Space-Saving Algorithm — Middle Level¶

Focus: Why replace-the-min over-estimates by at most the evicted minimum, why that guarantees every item above n/m is kept, the Stream-Summary structure that makes every operation O(1), and when to choose Space-Saving over Misra-Gries, Count-Min Sketch, and Lossy Counting.

Table of Contents¶

1. Introduction
2. Deeper Concepts
3. The Over-Estimate Bound
4. The n/m Heavy-Hitter Guarantee
5. The Stream-Summary Structure (O(1) updates)
6. Comparison with Alternatives
7. Code Examples
8. Error Handling
9. Performance Analysis
10. Best Practices
11. Visual Animation
12. Summary

Introduction¶

At junior level the message was the recipe: keep m counters, increment on a hit, replace the min on a miss, record the error. At middle level you ask the questions that decide whether your implementation is correct, fast, and the right choice:

• Why is the stored count never more than min above the truth — and why does that matter?
• Why does "replace the min" guarantee that every item with frequency above n/m survives to the end?
• How do you make the replace-the-min and increment operations O(1) instead of O(m) — the Stream-Summary of buckets?
• When is Space-Saving better than Misra-Gries, Count-Min Sketch, or Lossy Counting — and when is it worse?

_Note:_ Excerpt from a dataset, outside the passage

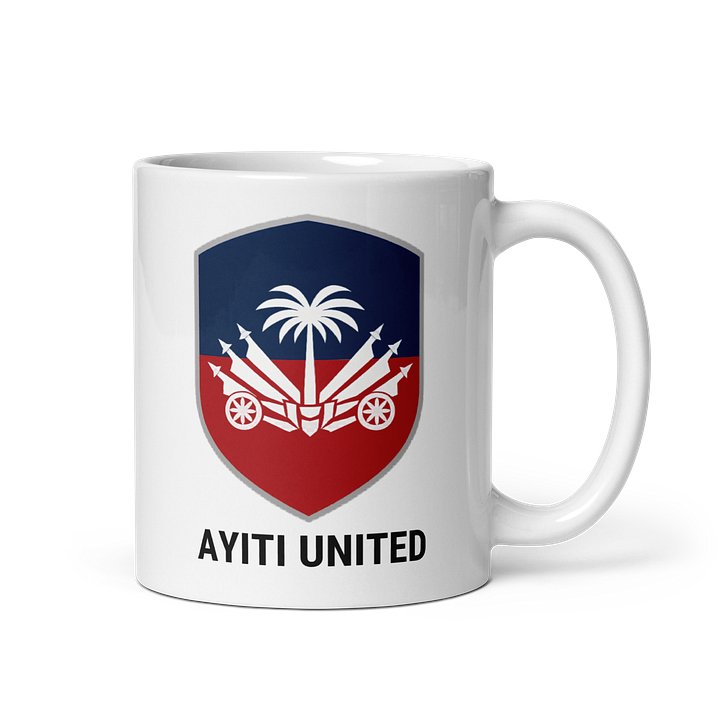 White Ayiti United Mug product image (1)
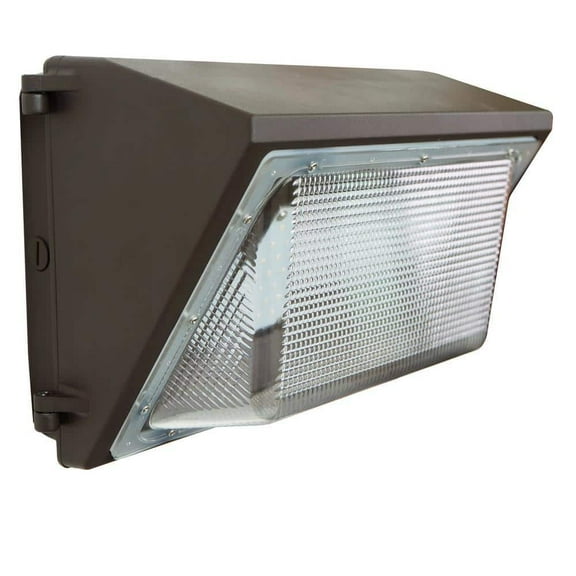 300-Watt Equivalent Integrated LED Bronze Dimmable Outdoor Wall Pack Light, Selectable CCT 3000K/4000K/5000K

These separate "I copied a Space-Saving snippet" from "I can state its error bound, prove the heavy-hitter guarantee, build the O(1) structure, and justify it over the alternatives."

Deeper Concepts¶

The two numbers per slot¶

Every slot stores two numbers, not one:

• count(x) — the estimated frequency, an upper bound on the truth.
• error(x) — the over-count: the value of min at the moment x was last inserted.

Together they bracket the true frequency:

count(x) - error(x)  ≤  f(x)  ≤  count(x)

The lower bound count(x) - error(x) is the number of times x has definitely been seen since it entered the table; the upper bound count(x) is the most it could be. A slot with error = 0 (an item that never got evicted-and-reinserted) has an exact count.

Why the newcomer inherits min + 1¶

When item x evicts the min-count item y (with count min), why not start x at 1? Because the slot it took already accounts for min arrivals worth of "weight" in the summary. If we restarted at 1, a frequent item that briefly dipped to the bottom and got evicted could permanently lose its history, and the summary's total would no longer track the stream. Inheriting min + 1 keeps an invariant: the sum of all counts equals the number of stream items processed (each arrival adds exactly +1 somewhere). That conservation is the backbone of every proof.

The conservation invariant¶

Σ count(x)  =  n     (after n items, with m or fewer slots)

Each arrival increments exactly one counter by exactly one (a hit adds +1; an eviction sets the new count to min + 1, which is +1 more than the min the slot already held — the evicted item's count is simply transferred). This invariant is why the minimum cannot be large: with m counters summing to n, the smallest is at most n/m.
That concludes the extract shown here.